As a child, farmer Mike Protas remembers Mitzvah Day at Washington Hebrew Congregation (WHC). “Everyone volunteered on the same day, and it made a huge impact on me,” recalled Protas. Fast-forward 22 years to a hot, early-September morning. Farmer Mike greets eight teens from WHC’s Motzi Fellowship at One Acre Farm in Boyds, Maryland. They jump in the back of his beat-up truck and drive out to the fields to harvest the fist-sized red tomatoes they planted earlier this summer as participants in the fellowship.

Motzi Fellows with their early-September tomato harvest

Motzi Fellows with their early-September tomato harvest

The Motzi Fellowship is a new, local summer camp with a social mission. Recalling his early volunteer experiences, this past summer, for the first time, Protas partnered with WHC to offer 15 ninth to twelfth graders a week-long, hands-on experience on his farm, planting, mulching, weeding and harvesting. The first session took place in June and the second in July, with mostly different groups of teens, though a few attended both sessions.

Eve Lustig, age 14, summed up her experience, “It was a great week of bonding—it felt like family. We learned a lot from Farmer Mike and got better at hoeing and handling plants as the week went on. I didn’t even mind sitting in the mud or squishing bugs!”

From Monday through Thursday of the week, the teens work on the farm from 8 am until 3 pm, with a lunch break, doing any farm work necessary. After farm chores, the fellows and staff regroup every day at 6 pm for dinner and two hours of evening programming covering food-related issues, such as food economics, policy and poverty. “One evening we learned about poverty and hunger by role playing,” explained Madison Holt, a ninth grader, who shared a highlight of her camp experience, “Each group of kids was a family.

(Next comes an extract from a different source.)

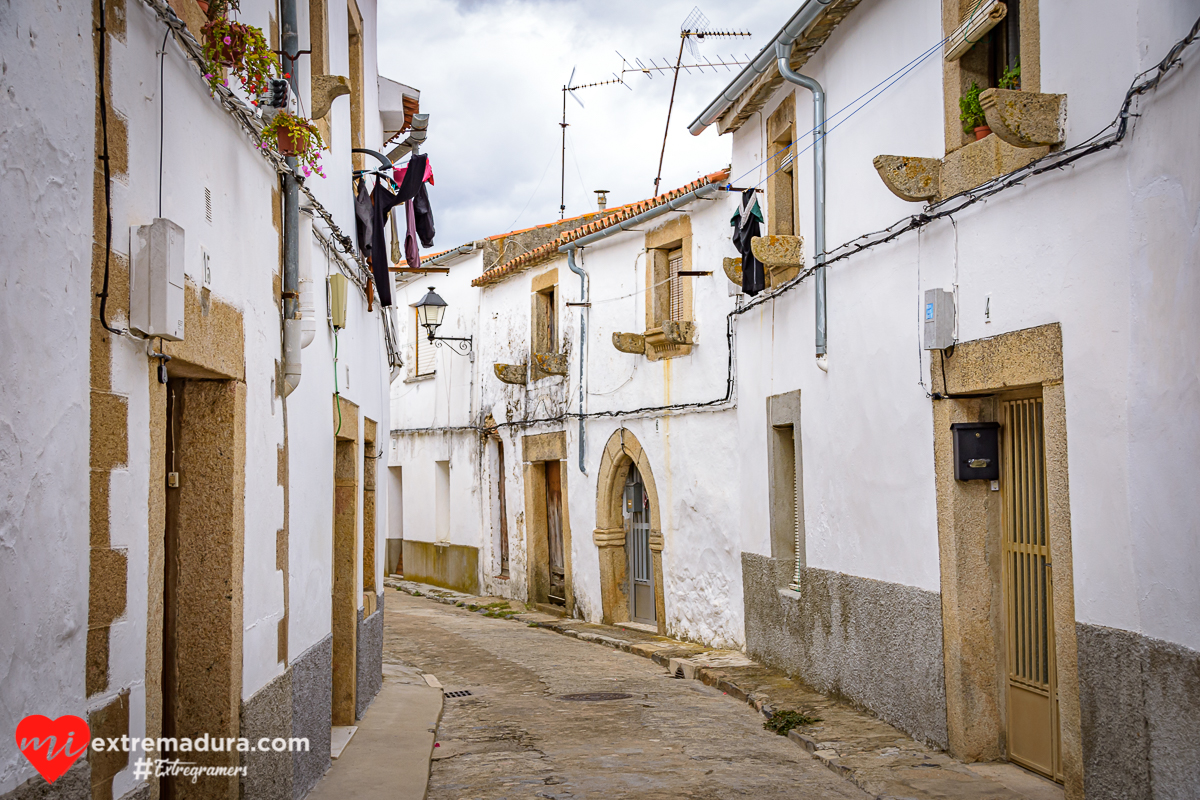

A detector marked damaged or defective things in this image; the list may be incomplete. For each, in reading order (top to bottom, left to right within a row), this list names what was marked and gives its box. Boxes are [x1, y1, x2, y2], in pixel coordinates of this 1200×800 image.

peeling plaster wall [0, 1, 92, 796]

We had to decide how best to spend our limited income after paying rent, on food and everything else. We really felt the struggle that poor families go through.”

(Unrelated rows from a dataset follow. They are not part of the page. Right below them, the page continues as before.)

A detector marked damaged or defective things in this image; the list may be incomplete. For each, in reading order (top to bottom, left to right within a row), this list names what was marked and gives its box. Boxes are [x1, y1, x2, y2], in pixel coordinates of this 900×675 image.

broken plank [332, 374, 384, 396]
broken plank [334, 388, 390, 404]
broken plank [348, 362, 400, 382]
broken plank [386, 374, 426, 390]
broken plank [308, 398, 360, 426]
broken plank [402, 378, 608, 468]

Describing the goal of the Motzi Fellowship, Ira Miller, WHC’s Director of Informal Education, explained, “We wanted to create a meaningful tikkun olam [repairing the world] experience for the kids, combining farming with social justice.”

Motzi Fellows with Farmer Mike (left) and Ira Miller (center)

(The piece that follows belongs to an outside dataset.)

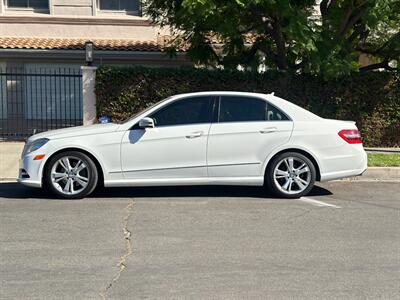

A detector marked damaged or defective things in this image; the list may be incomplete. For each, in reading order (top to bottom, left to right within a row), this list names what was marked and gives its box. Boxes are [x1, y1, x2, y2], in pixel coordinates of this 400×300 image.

crack in asphalt [99, 199, 135, 300] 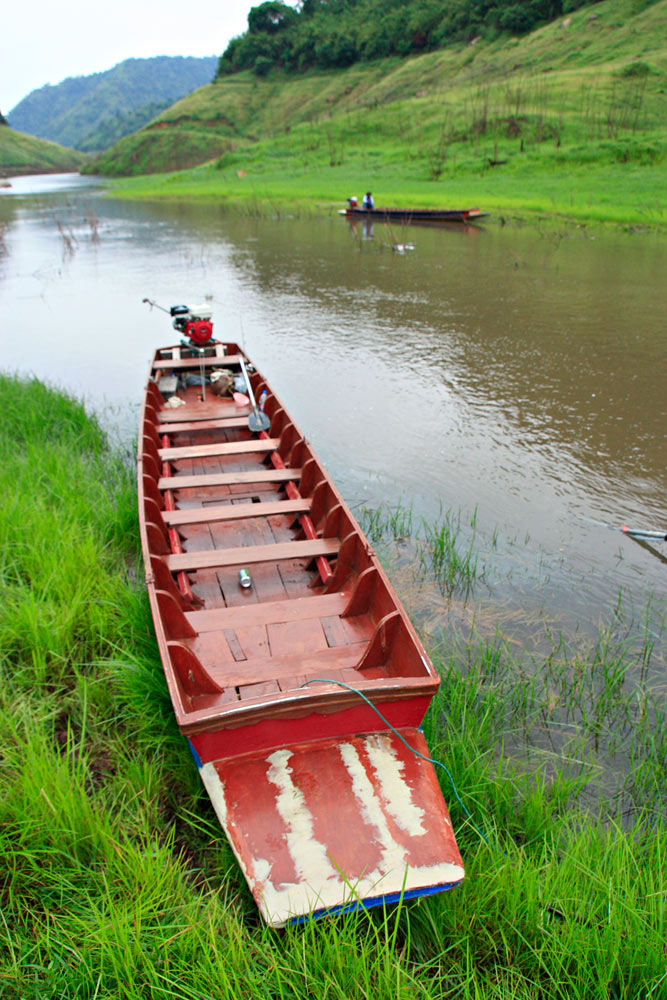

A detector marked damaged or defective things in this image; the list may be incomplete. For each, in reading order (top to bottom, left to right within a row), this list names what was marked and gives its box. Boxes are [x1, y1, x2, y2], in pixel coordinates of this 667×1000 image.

peeling white paint on boat [362, 736, 426, 836]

Motzi Fellows with Farmer Mike (left) and Ira Miller (center)

For Miller, one of the most exciting parts of the program is the 24-hour period from Thursday morning to Friday morning. After spending the day on the farm, on Thursday evening the fellows gather with a chef to turn part of their harvest into big, healthy salads that they then deliver to Martha’s Table, a local nonprofit that provides meals for homeless and low-income DC residents every day, on Friday morning. “The kids get a whole experience, from seeds in the ground to food on the table,” said Miller. Having harvested cabbage, the June group prepared a delicious coleslaw, while the July group turned its tomato harvest into tomato mozzarella salad.

The September harvest weighed in at 183 pounds for a total program yield of 300 pounds of tomatoes and 80 heads of cabbage. September’s tomatoes were donated to Nourish Now, a nonprofit organization that distributes food to families in need. The June and July harvests were donated to Rockville Housing Project, which serves 72 families, and the Montgomery House Apartments, serving 90 families.

When asked to reflect on their Motzi Fellowship experience, Lily Schoonover, a ninth grader, said, “It was amazing to work on the farm. Now I think about where food comes from and all the steps involved in getting food to the store.” Holt added, “I better appreciate what we have and can think of ways we can help one another.” From Farmer Mike to the Motzi Fellows, the Washington Hebrew Congregation inspires social action, from generation to generation.